A HOME OFFICE minister has defended a move to transfer 400 asylum seekers in Glasgow into hotels in the wake of the Park Inn knife attack saying it was for "safety reasons".

Chris Philp spoke as questions were raised in the House of Commons after it emerged that before attack on Friday, the Mears Group, which has the Home Office contract to house asylum seekers in Glasgow had been heavily criticised for its decision to move around 400 in Glasgow. 

It claimed it was necessary because of problems securing lets during the lockdown, which campaigners say had put the physical and mental health of asylum seekers at risk.

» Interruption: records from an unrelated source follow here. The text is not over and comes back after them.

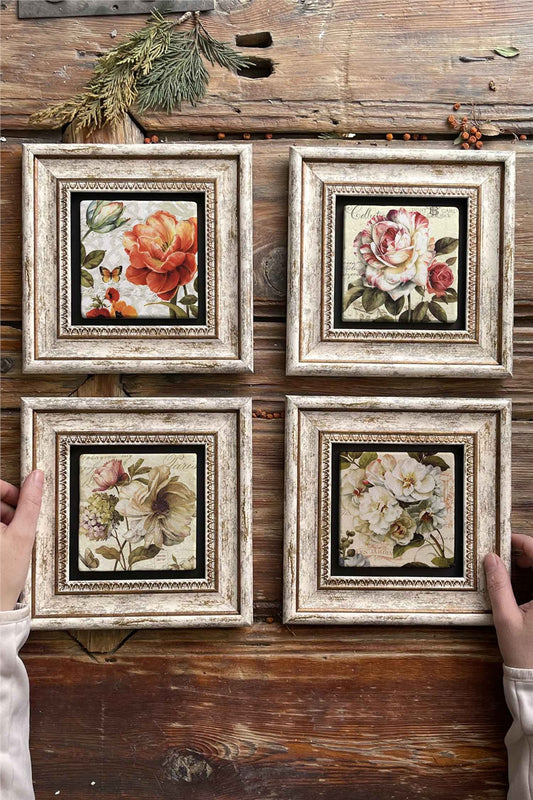 Framed Stone Painting Wall Decoration 8" x 8" Set of 4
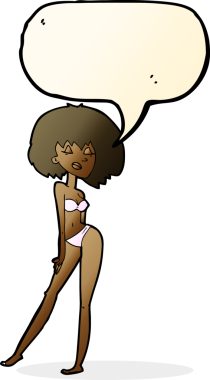 Bir insan tarafından çizilmiş konuşma balonu olan bikinili bir kadın.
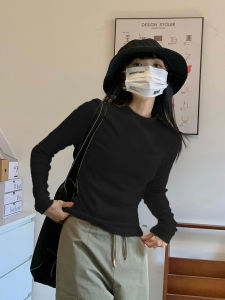 เสื้อยืดคอกลมแขนยาวทรงสลิมฟิตสำหรับผู้หญิง เสื้อชั้นในฤดูใบไม้ร่วง/ฤดูหนาว เสื้อคลุมกันหนาวแบบหนา คอตั้งสั้น เสื้อผ้าทำงานสไตล์เกาหลี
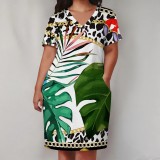 1 Piece Custom Casual Digital Printing V Neck Plus Size Midi Dresses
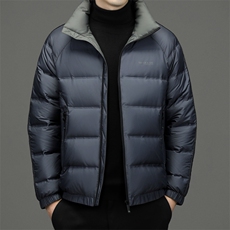 羽绒服男士冬季新款保暖加厚鹅绒立领纯色外套中年商务休闲冬装，男装羽绒服，电商B212（原钱塘6029）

Six people were stabbed,  including 42-year-old Constable David Whyte - and the attacker Badreddin Abadlla Adam was shot dead by police in the incident at the Park Inn hotel in West George Street on Friday.

READ MORE: Call for independent inquiry into treatment of asylum seekers in Glasgow after Park Inn attack

Mr Philp said:  "Glasgow accommodates slightly over 5000 asylum seekers...and during the coronavirus epideemic over the last three months or so, of the service users, only two have tested positive for coronavirus. Both have fully recovered.  And amongst those people in hotels, there has not been a single confirmed case of coronavirus.

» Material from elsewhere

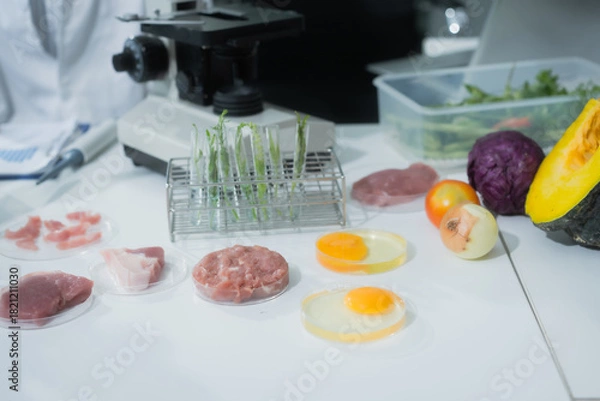 Fototapeta Two Asian female scientists analyze plant and meat samples in a modern laboratory, using microscopes and documenting results to improve food quality, safety, biotechnology,agricultural innovation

"So the steps being taken to safeguard the public and safeguard asylum seekers in particular have been successful."

She said the plan was to move them asylum seekers out of the hotels and into "more mainstream accommodation as quickly as possible".

He said that was "always the intention".

Mr Philp said the hotels the asylum seekers were move into were "good quality" and that Park Inn was three star Radisson accommodation adding: "It was a good hotel."

Mears, insisted on Wednesday, two days before the Park Inn attack it had kept people safe from Covid-19, claiming the “unprecedented arrangements” it made during the pandemic are “proving effective”.

Mears first came under scrutiny after the death of Adnan Olbeh, a Syrian asylum seeker who was found dead in a room in McLay's Hotel, Glasgow last month.

Mr Philp's comment came after Alison Thewliss, the SNP Glasgow Central MP called for an inquiry in the Commons in the wake of the attack about shifting asylum seekers into hotels without consultation.

She asked the minister if he would apologise for "a saga which has heaped trauma on vulnerable people in Glasgow and across the UK".

Protests were held on Glasgow’s streets during lockdown to protest at the treatment of asylum seekers in the hotels, left with no money and complains over the quality of food.

On Wednesday, last week, No Evictions Glasgow accused "far-right groups" of trying to "hi-jack" their peaceful demonstration.

A lack of social distancing, poor-quality food and no drinking water were reported by those staying at hotels after weekly financial support was removed.

On Wednesday, last week,  Mears, said it did not recognise some of the concerns and said there was a “disconnect” between the worries of some campaigners and what they were being told from those in hotels.

Mears, which was awarded the £1bn government contract in 2019,  admitted it was a “blanket decision” to move all asylum seekers out of their homes into hotels in March after lockdown was announced.

And after a media briefing on Wednesday,  a spokesperson for Mears stated that chief operating officer, John Taylor had been wrong to state that assessments were not carried out prior to moving asylum seekers into hotels.

Mears have referred all requests for comment to the Home Office.